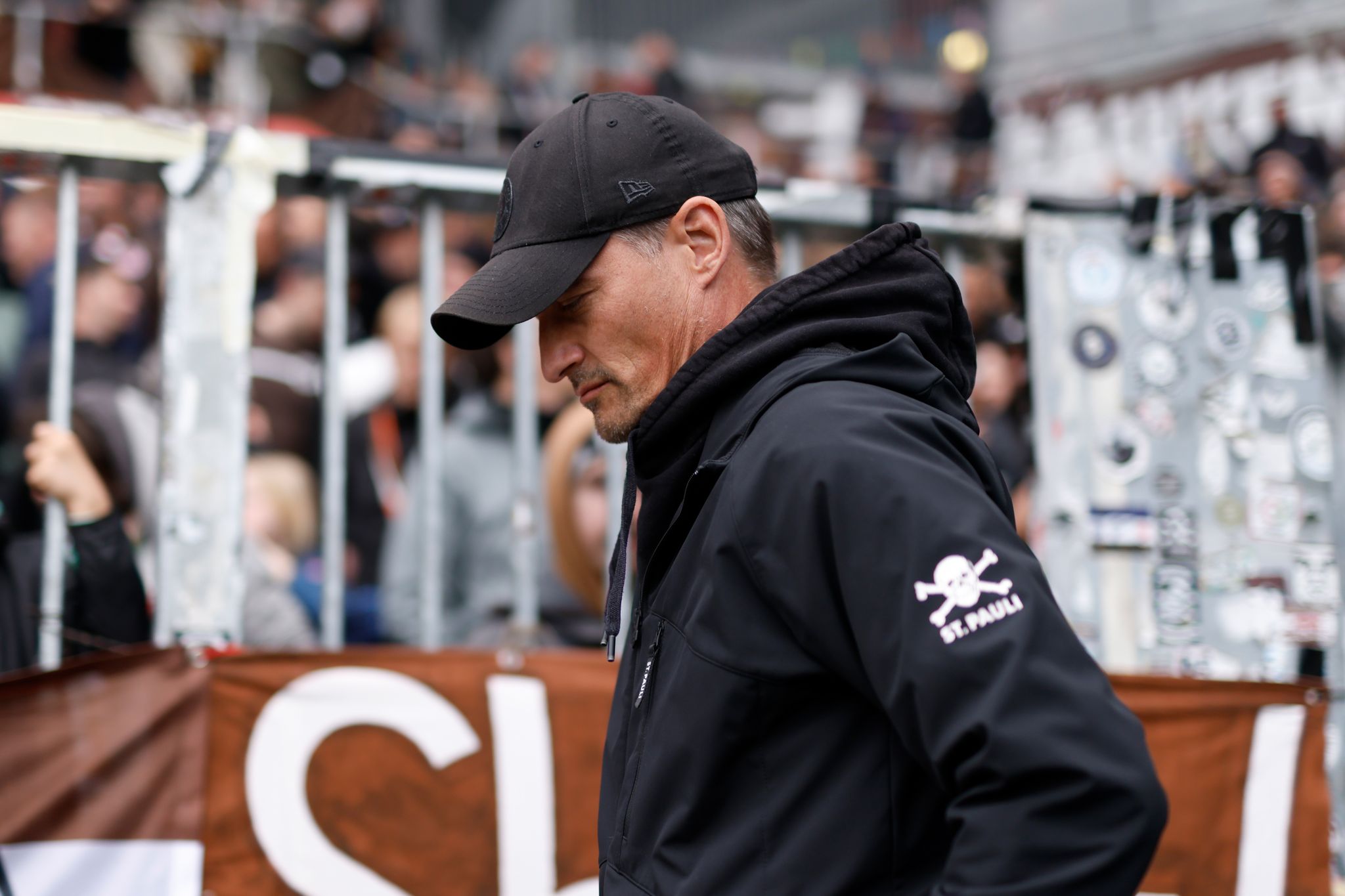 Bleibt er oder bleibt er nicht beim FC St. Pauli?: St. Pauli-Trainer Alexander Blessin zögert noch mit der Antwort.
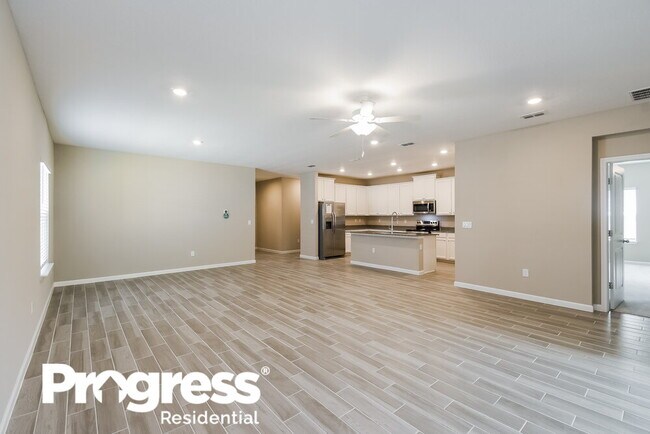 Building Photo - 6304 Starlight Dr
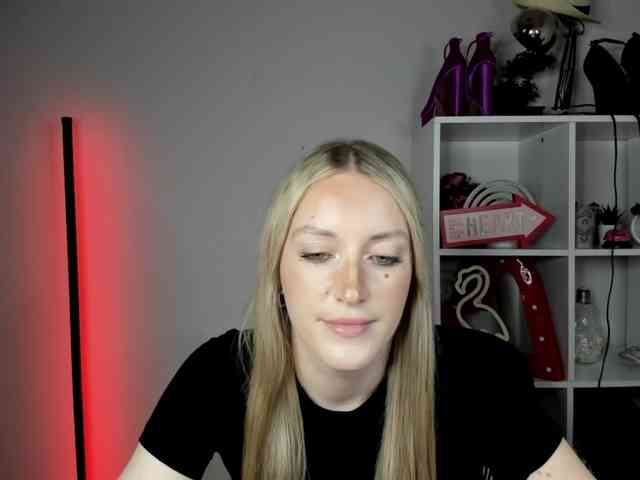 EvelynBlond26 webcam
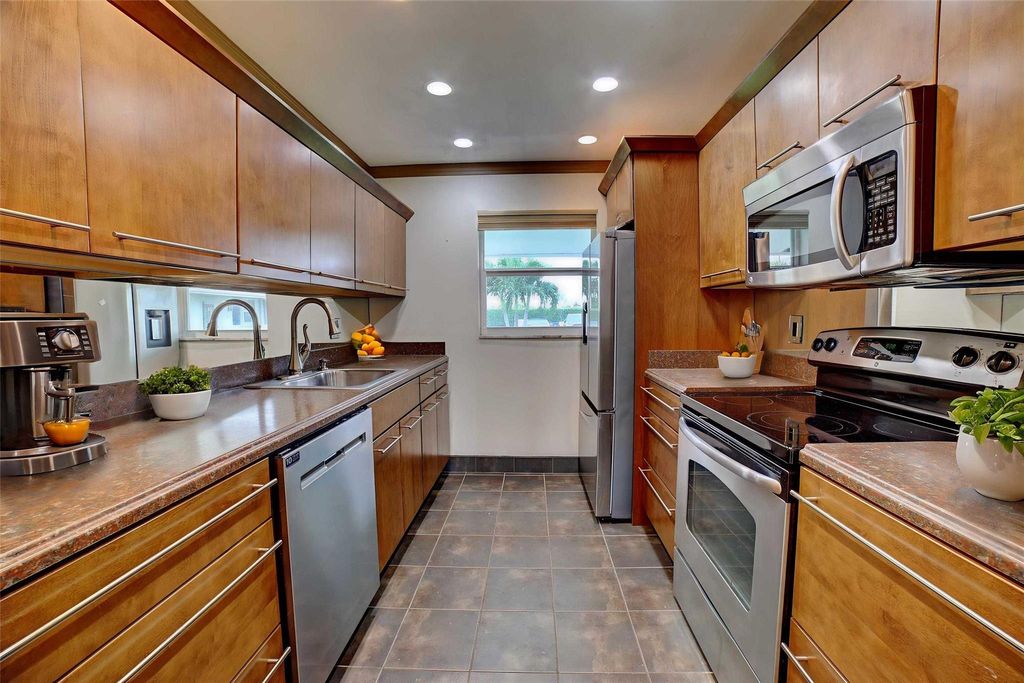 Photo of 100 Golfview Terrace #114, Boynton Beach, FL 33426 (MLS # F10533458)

...

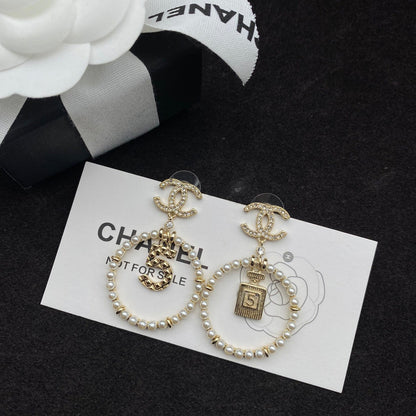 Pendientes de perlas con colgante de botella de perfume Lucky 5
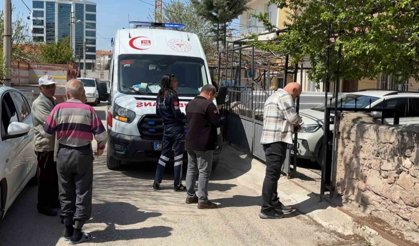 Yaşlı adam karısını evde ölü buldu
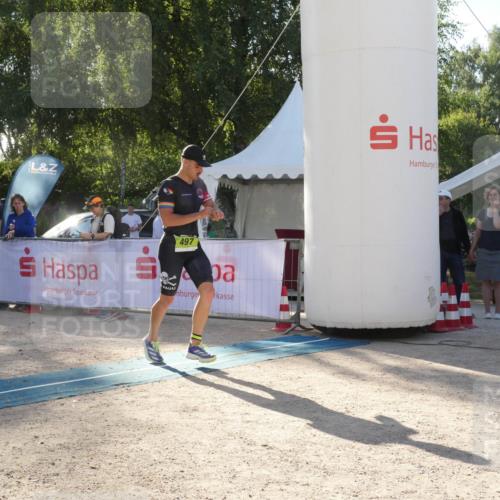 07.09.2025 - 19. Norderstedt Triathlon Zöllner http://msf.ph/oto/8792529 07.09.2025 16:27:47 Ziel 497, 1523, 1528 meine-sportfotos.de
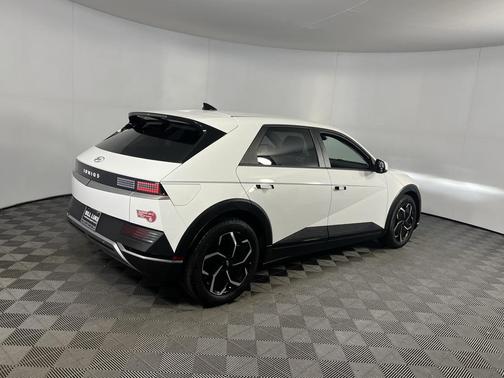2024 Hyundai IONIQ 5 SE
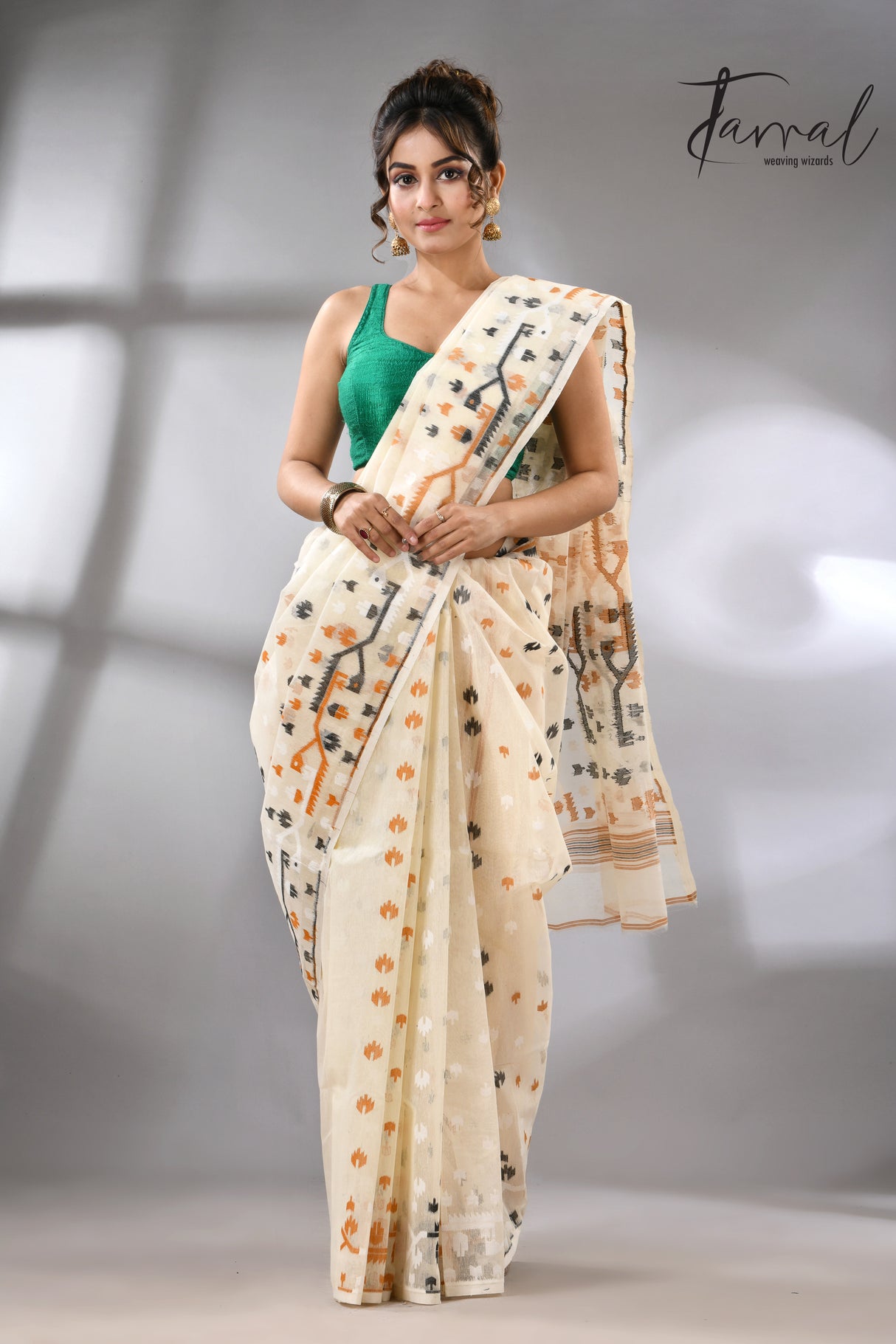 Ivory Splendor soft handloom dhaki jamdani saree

◆ EXERCISE DIRECTIONS: Above are the records; copy exactly the lines from the one with "Pendientes de perlas" through the one with "Ivory Splendor soft", including both, and nothing more. Leave out pictures.

◆ RESULT:
 Pendientes de perlas con colgante de botella de perfume Lucky 5
 Yaşlı adam karısını evde ölü buldu
 07.09.2025 - 19. Norderstedt Triathlon Zöllner http://msf.ph/oto/8792529 07.09.2025 16:27:47 Ziel 497, 1523, 1528 meine-sportfotos.de
2024 Hyundai IONIQ 5 SE
 Ivory Splendor soft handloom dhaki jamdani saree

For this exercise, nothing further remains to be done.